Friday, June 23, 2006



The usual first problem with change is the question of "what happens to the old one?" Whether it's a process, a technology, a solution, a religion, a name, a pet, or anything. Comfort and familiarity with an existing entitiy or concept is something that prevents a lot of people and companies from change. Another thing that really prohibits change or jumping into change is cost and risk.

Cost is the amount of resources and effort required to perform or obtain a task or resource. It is usually monetary, but most usually it is more time than anything else.

Risk the likelyhood of loss or failure in acquiring a resource, investing time/money, and even emotional capital.

How do you introduce change so that it's 1) not so costly 2) not too risky or 3) more appropriate for what you need?

You evolve. For the next few posts, I will propose some ways of evolving your current processes, practices, and approaches so that becoming Agile is not as costly nor Risky as it sounds.

The only constant in the world is change.

Monday, June 05, 2006



Do you notice that management gets in the way of actually being able to effectively deliver a product? In traditional business models, managers tends to "over-manage" the resources: Gantt Charts, Planning Sessions, Status Meetings, Team Building, Status Reports, and all the management initiated activities tend to get in the way of delivering. Of course, there has to be a point to management, otherwise what is the need for a manager?

Here's an idea: let management do the work that needs to be done. What do I mean by "work that needs to be done"? It's really simple: make sure that there is progress, and then get back to doing something actually contributory to the project.

When I write "something actually contributory to the project", then that means something *tangible* or something (an action, or set of actions) directly contributory to a project's value creation model. And in software development, that's only one of two things: code or documentation.

When managers need to write code, then that means there are not enough developers writing the code that needs to be written. When managers need to write documentation, then that means that the developers aren't writing the documentation that's necessary in the project. These are cues to the manager, that there has to be something done about it. And if a manager has to write code to deliver a product on time, that means the developers aren't capable, aren't working, or aren't worthy of the pay they're getting; or of course the manager himself over-estimated the capabilities of the team, or undercalculated the risks of a tight timeline.

If there are other things that need to be done by a manager, that's budgeting the time spent on a project, and the available resources at his disposal.

Did you ever notice that the successful software development firms have competent managers who can do what the subordinates do, as well as do very little management as much as possible? Here's a hint:

The role of a manager is to make sure that there's little work for him to do and enough time for him to spend on more imporatant things by doing the things that need to be done so that things get done on their own.

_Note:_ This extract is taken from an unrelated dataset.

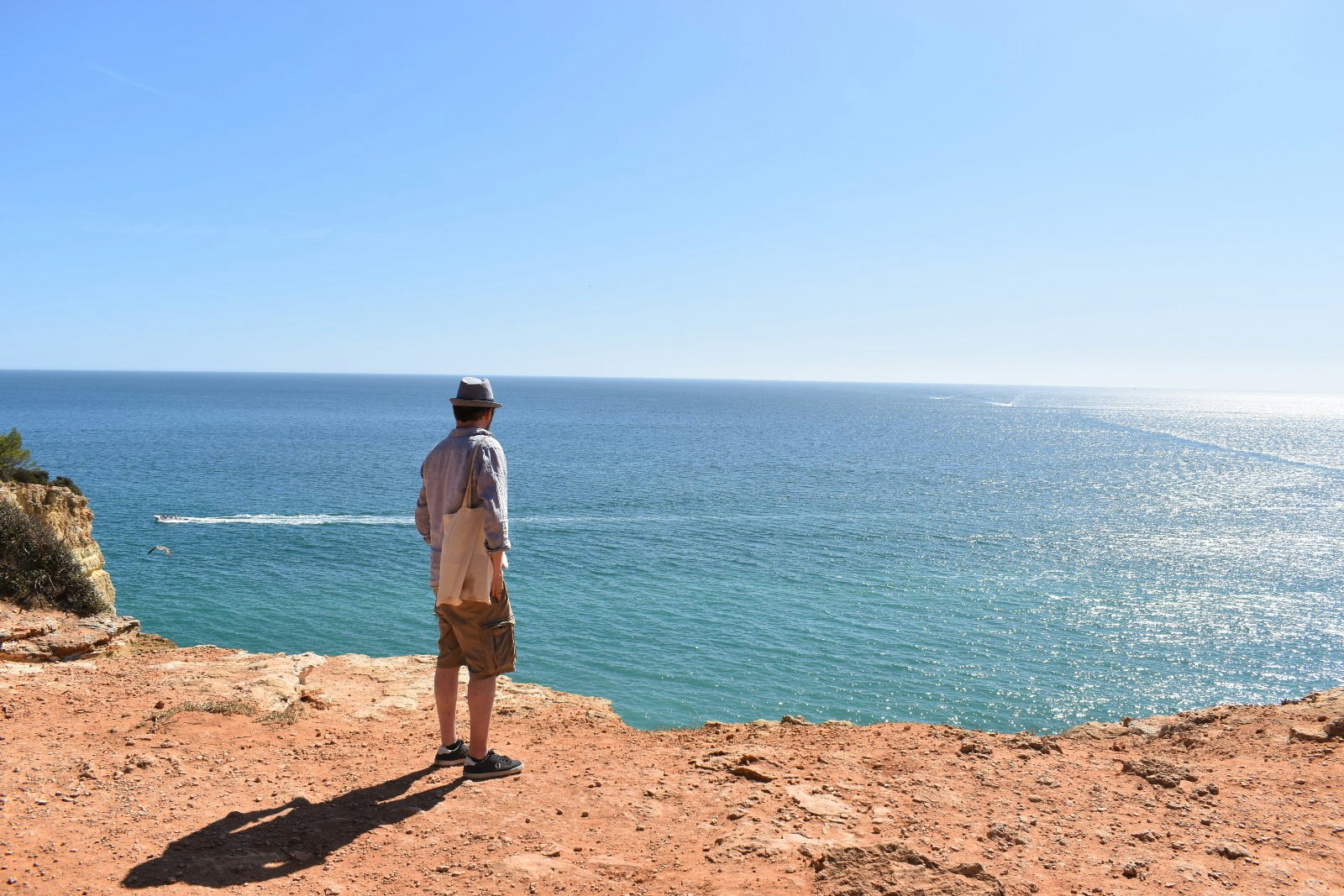 The author – wearing a shirt, shorts and hat and carrying a tote bag – looks out to a shimmering sea from a cliff the colour of burnt orange.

This means getting the right people, getting the right tools, setting the right timeline, and keeping the resources utilized effectively to provide a high level of productivity. Here's a simple goal for a manager: do everything that needs to be done so that you don't need to do it yourself. Seems like a paradox? The point is getting others to do the work that you don't have to do yourself, but need to do otherwise.

Sounds shrewd? Not really... It's really more an advantage to the project and the firm if the manager continues to do only the necessary actions that a manager needs to do: like tracking the progress of a project and keeping the resources busy. That way, a developer can concentrate on developing, a manager concentrates on keeping the developers developing, and the firm can concentrate on delivering its products.

The more you manage, the less things get done.